Description
runexec
has an option --maxOutputSize
and will truncate the tool log if it exceeds the given size. However, this is applied only after the run ended. While the run is executing, the output file can grow arbitrarily and occupy disk space (it is created outside of the container and not affected by any limits).
This is of course suboptimal and we should try to find a solution that avoids this.
So far I see the following possibilities:
- Send tool output to a pipe, and have a thread/process that continuously reads from the pipe and writes to the output file as long as the output is not too large. This would also solve Prevent truncation of output file by tool #535, but there is some implementation complexity and overhead due to the additional thread/process (and if that thread/process is not fast enough, it could block the tool when it tries to write more).

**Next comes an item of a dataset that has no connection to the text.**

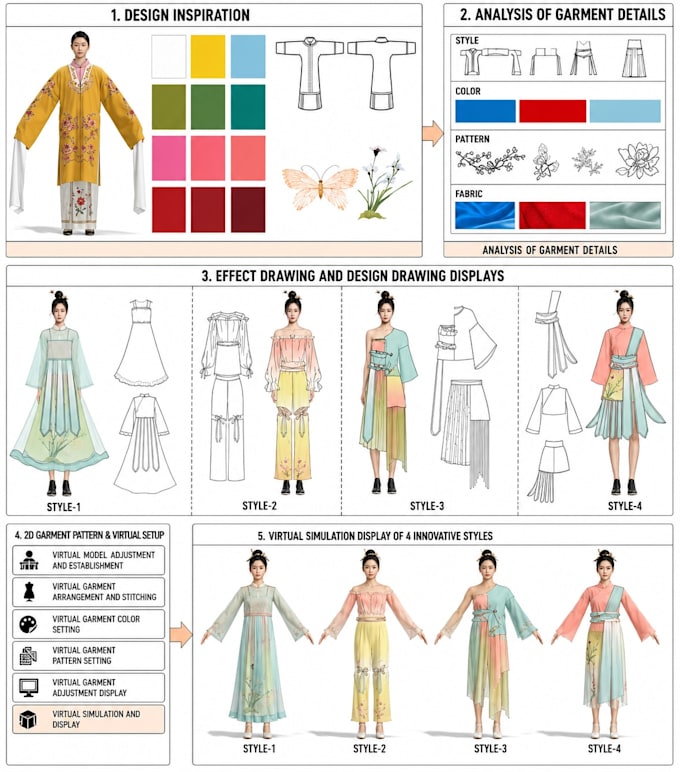 create a factory ready suit tech pack with technical flat sketches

- Send tool output to a file on a
tmpfs
in the container. Then it would be limited by the memory limit just like any other file that the tool creates. After the runrunexec
would copy the file from thetmpfs
to the real disk. This would solve the most important part of Prevent truncation of output file by tool #535, but the tool could still truncate its own output. And of course this would only work in container mode, and there would be no way for watching the tool output while the run is executing.
The implementation effort of 1. varies depending on how well the truncation should work. If we just want the last n
or first n
bytes of the log, then we could just pipe through tail
or head
. If want the first and last n/2
bytes (because these are the most important), we would need to reimplement head
and tail
internally. And if we want to keep the current behavior, which is to get as many full lines from the beginning and end of the file as possible while still not exceeding the maximum size, the bookkeeping of the of our implementation would be even more complex.